Nada, excepto la voluntad del individuo de resistir esas realidades supremas: la constatación de que la vida es solo un hecho fortuito, y no existe otro camino más que la desaparición de todo cuanto hemos sido, cuanto hemos hecho, y cuanto hemos soñado.
En una sociedad como la actual, que vive al momento, al día, al instante, de forma superficial y superflua, mucha gente niega la realidad de la vida, y se aferran a su sueño de creer que la vida va a ser eterna, y un regalo para disfrutar cada momento: Carpe diem, que básicamente viene a significar «disfrutemos el momento». Frente a Memento mori, que significa básicamente lo contrario: el momento muere, y con el momento la gloria. Luego queda la nada, que lo arrastra todo.
La filosofía del existencialismo es aplicable a la Tierra, y a la civilización humana en su conjunto. Llegará un día en el que las grandes catedrales, los grandes templos, los libros sagrados, sean solo polvo y arena en un mundo muerto, donde no habrá seres a los que adorar, porque no habrá adoradores.
¿Qué harán esos dioses entonces, solos y perdidos, sin su séquito de seguidores? ¿Dónde habrán quedado los grandes conquistadores, los grandes logros, los geniales genios que saltaron a una fama y un poder que duró lo que dura un microsegundo en el universo?

Una luz de esperanza.
Todo esto no significa que tengamos que aceptar la derrota del tiempo, que lo consume todo. Al contrario; el existencialismo nos muestra la realidad, pero también esa realidad sirve de base para conformar una idea: vivamos la vida con fuerza, con honestidad, con pasión, con humildad, y no pretendamos convertirnos en esos seres superficiales que pueblan las distintas sociedades de la Tierra.
Antes al contrario, profundicemos y analicemos el espíritu humano, su naturaleza y su función como motor de progreso, y seamos positivos a la hora de aportar nuestra contribución a la humanidad. Cada uno desde sus capacidades y sus potenciales. De este modo podremos ser seres felices, plenos, y vivir una vida llena de conocimiento y de sabiduría, que nunca se alcanza, pero a la que siempre anhelamos y buscamos.
Esa fue la contribución principal de la generación del 98 a mi vida. Y me ha sido muy útil; porque, a diferencia de los golpes de los curas, fue mucho más dura para mi interior que para mi carne, pero también fue una lección de vida. Una lección que me ha ayudado a superar grandes traumas y situaciones difíciles, y que me ha permitido recrearme en las maravillas que nos rodean cada día.
El límite y su cualidad como motor de progreso.
Mors ultima linea rerum est. La muerte es el límite final de las cosas.
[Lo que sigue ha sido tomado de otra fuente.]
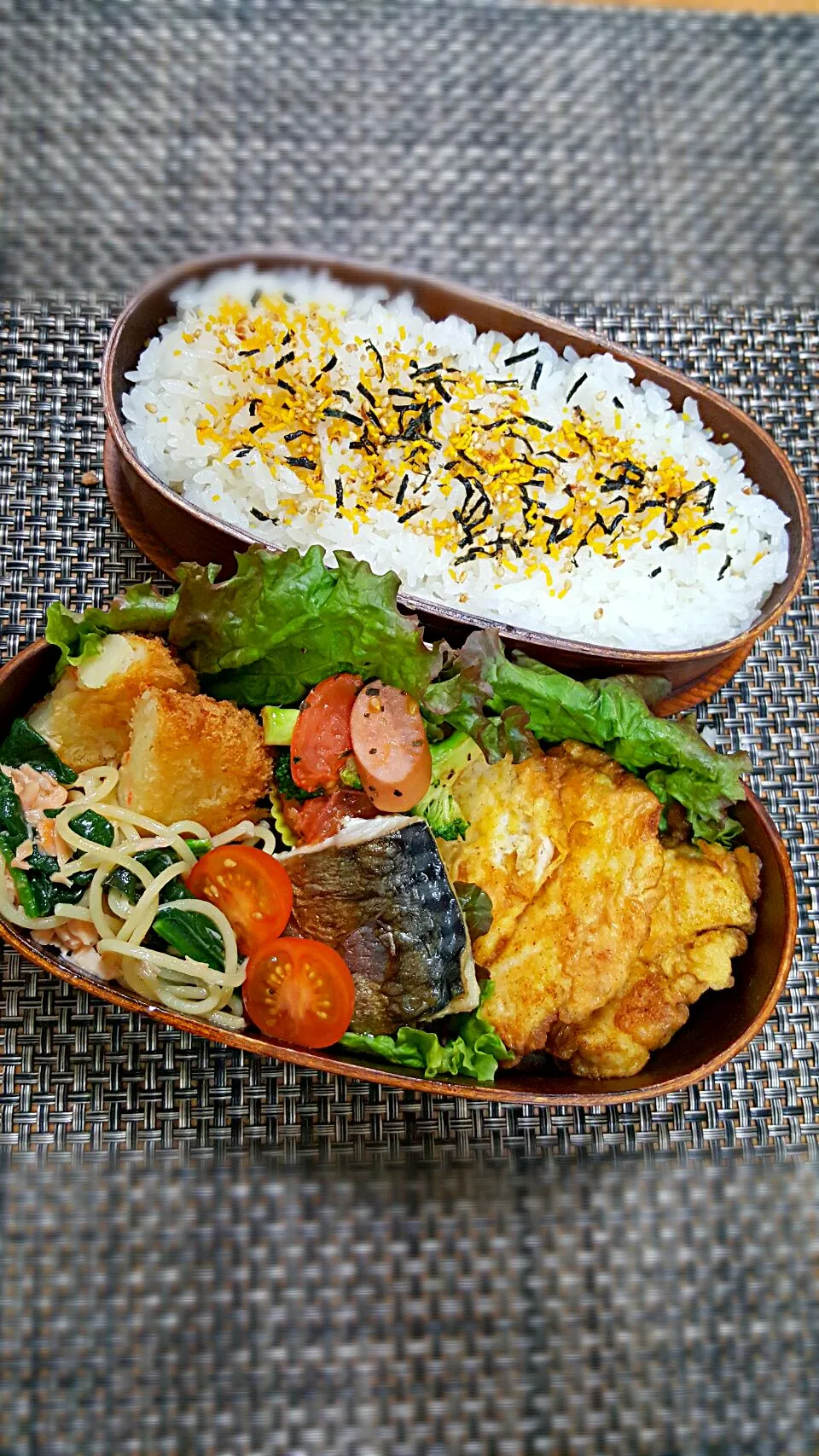 Snapdishの料理写真:今年最後の　息子弁当🎵鳥肉のピカタ(カレー)🐔🐔|クッキングオヤジさん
Aprendamos esta lección cuanto antes. Porque, una vez aprendida, aprenderemos a amar la vida. A disfrutarla, y a compartirla. Y seremos plenamente felices. Porque podremos transmitir esa pasión con mesura, no con la locura de la superficialidad, sino con la tranquilidad de conocer nuestros límites, y los del universo que nos rodea.
Entonces seremos felices. Aunque en nuestros corazones sepamos una verdad amarga, cual es reconocer el fin de todo cuanto existe, también esa verdad nos hará ser más proactivos y vivos mientras sigamos en vida. Y ello es el camino para el descubrimiento de nuestro yo interior, y de potenciar nuestros recursos personales como nada más podría lograrlo.
Muchas gracias por su atención e interés, y disfrute del día. Cada día.